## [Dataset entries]
***

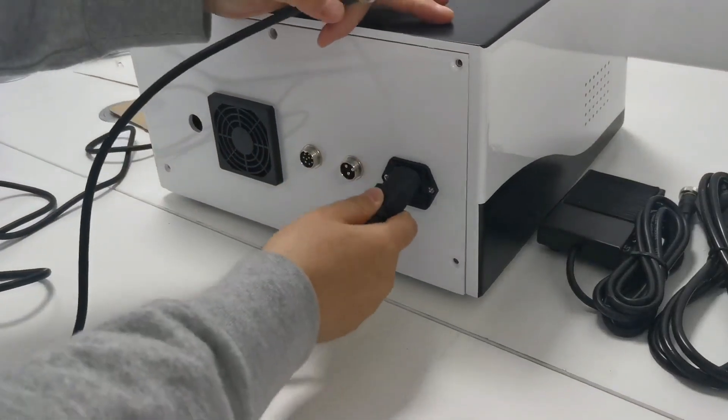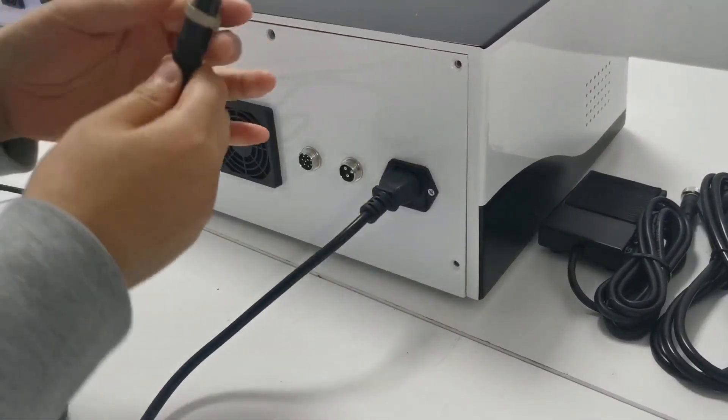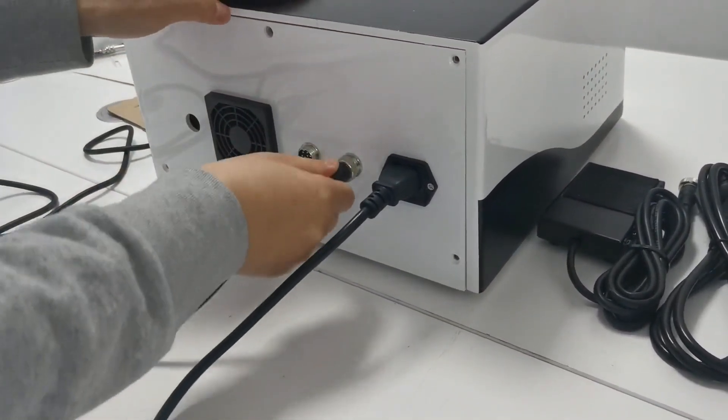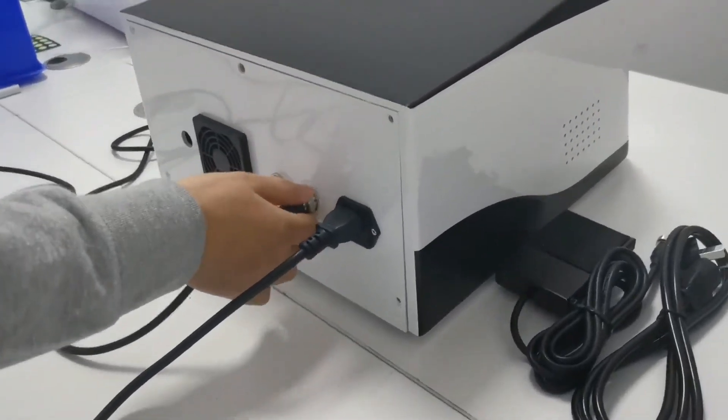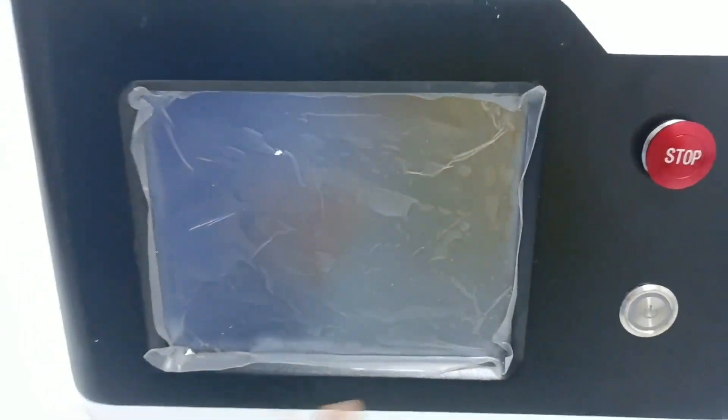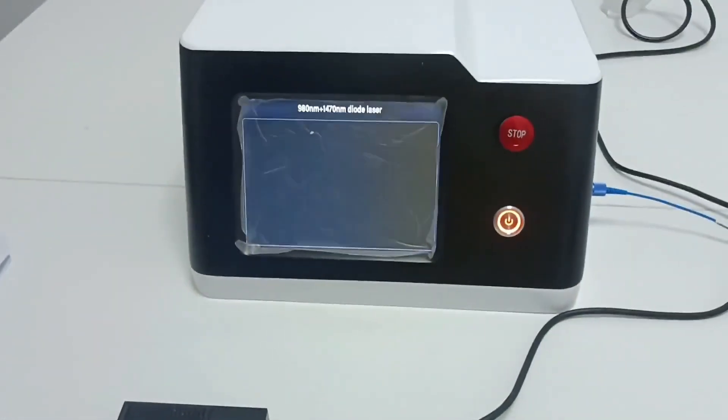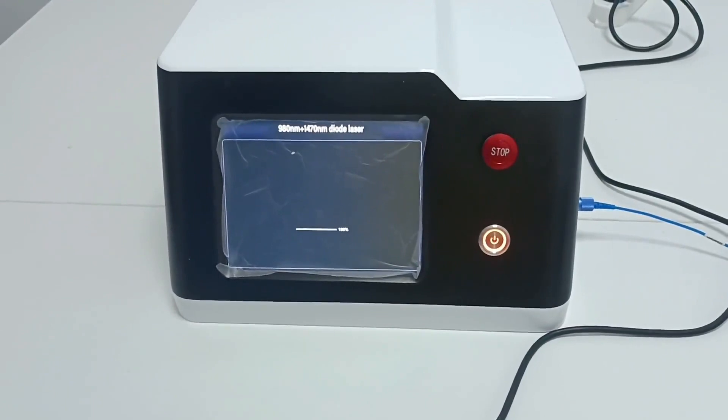Connect the power socket. Connect the foot switch cord to the foot switch. The instrument can be started up without adding water and powering on.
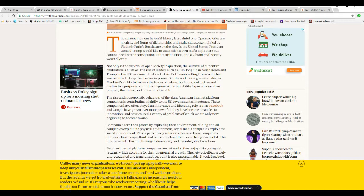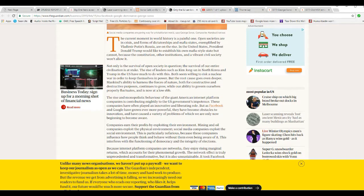These companies have often played an innovative and liberating role. But as Facebook and Google have grown ever more powerful, they have become obstacles to innovation and have caused a variety of problems of which we are all only now beginning to become aware. Companies earn their profits by exploiting their environment. Mining and oil companies exploit the physical environment. Yeah, wealth comes from the ground. And social media companies exploit the social environment. Notice, exploit, exploit, exploit. Unbelievable.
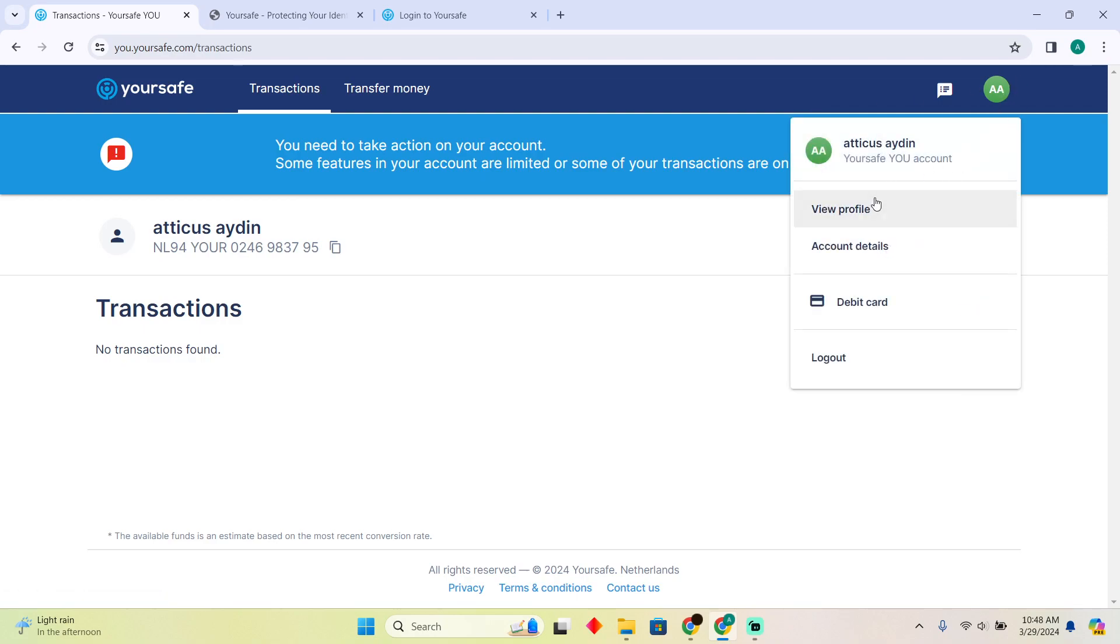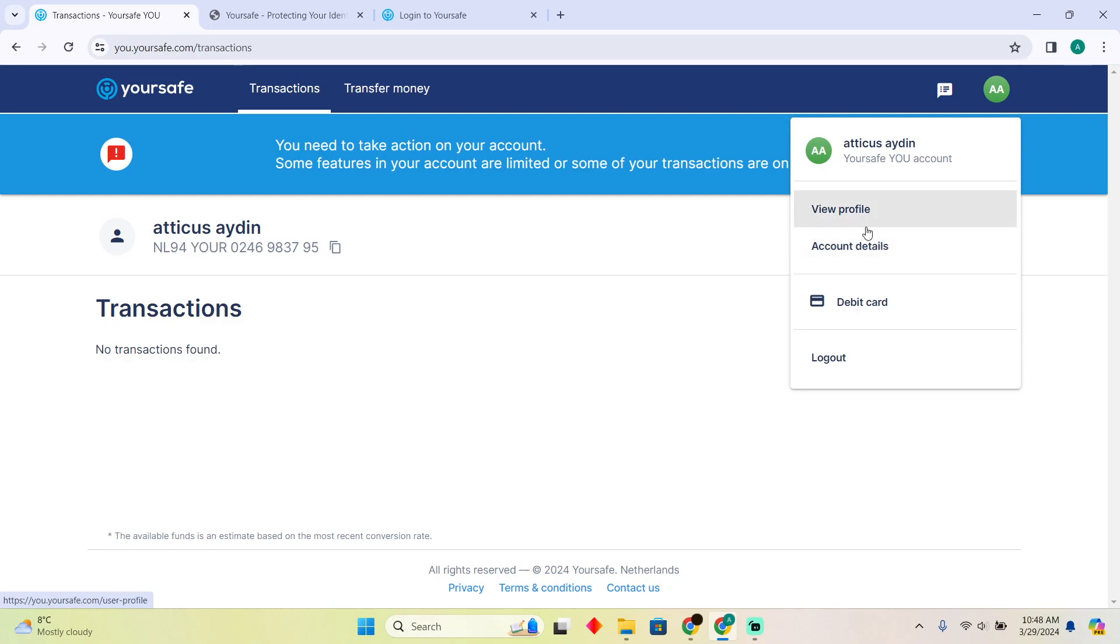Afterwards, you have to click on your profile, then you have to go to your account details. In your account details, you'll easily be able to see all the details of your account.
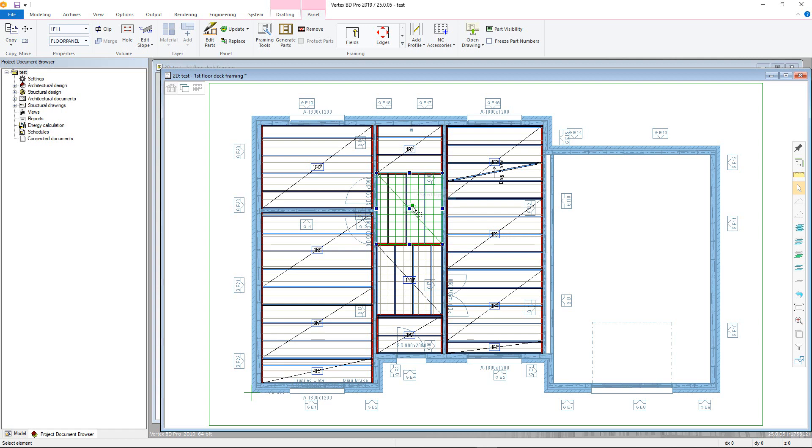To access this, first select the panel you wish to change to bring up the panel contextual tab in the ribbon, then choose the fields command. Select the structural layer if necessary.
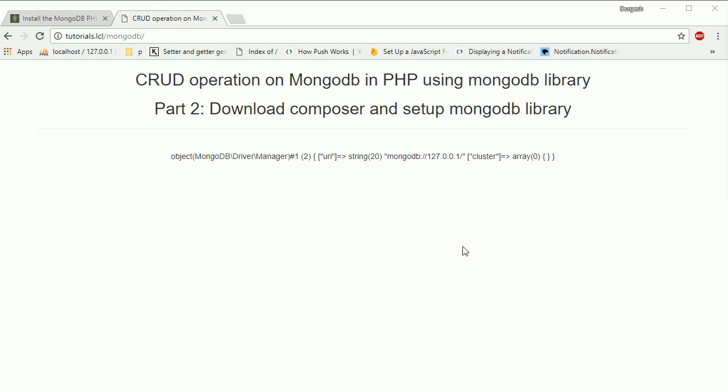Hello everyone, I'm Durgesh Ani and we are creating a series of video tutorials for CRUD operations on MongoDB in PHP using the MongoDB library. In the previous session we saw how to set up MongoDB on a Windows machine.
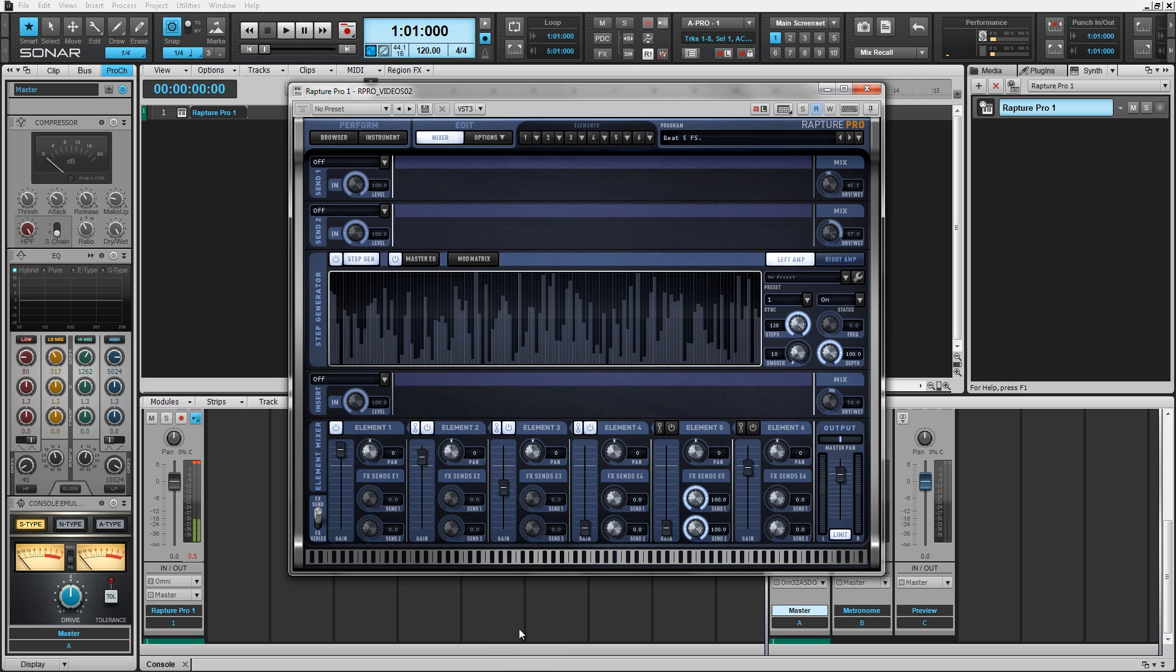You can see in this example, I have element 1 chaining into element 2, which is then chaining element 3, and then chaining element 4. Each effect insert on each of these elements is feeding the effects as the patch is played.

***

## [Problem to solve]
Pictures should be omitted. Please return exactly the lines from the line that holds "Hello everyone, I'm" through the end of the records.

## [Written response]
Hello everyone, I'm Durgesh Ani and we are creating a series of video tutorials for CRUD operations on MongoDB in PHP using the MongoDB library. In the previous session we saw how to set up MongoDB on a Windows machine.
You can see in this example, I have element 1 chaining into element 2, which is then chaining element 3, and then chaining element 4. Each effect insert on each of these elements is feeding the effects as the patch is played.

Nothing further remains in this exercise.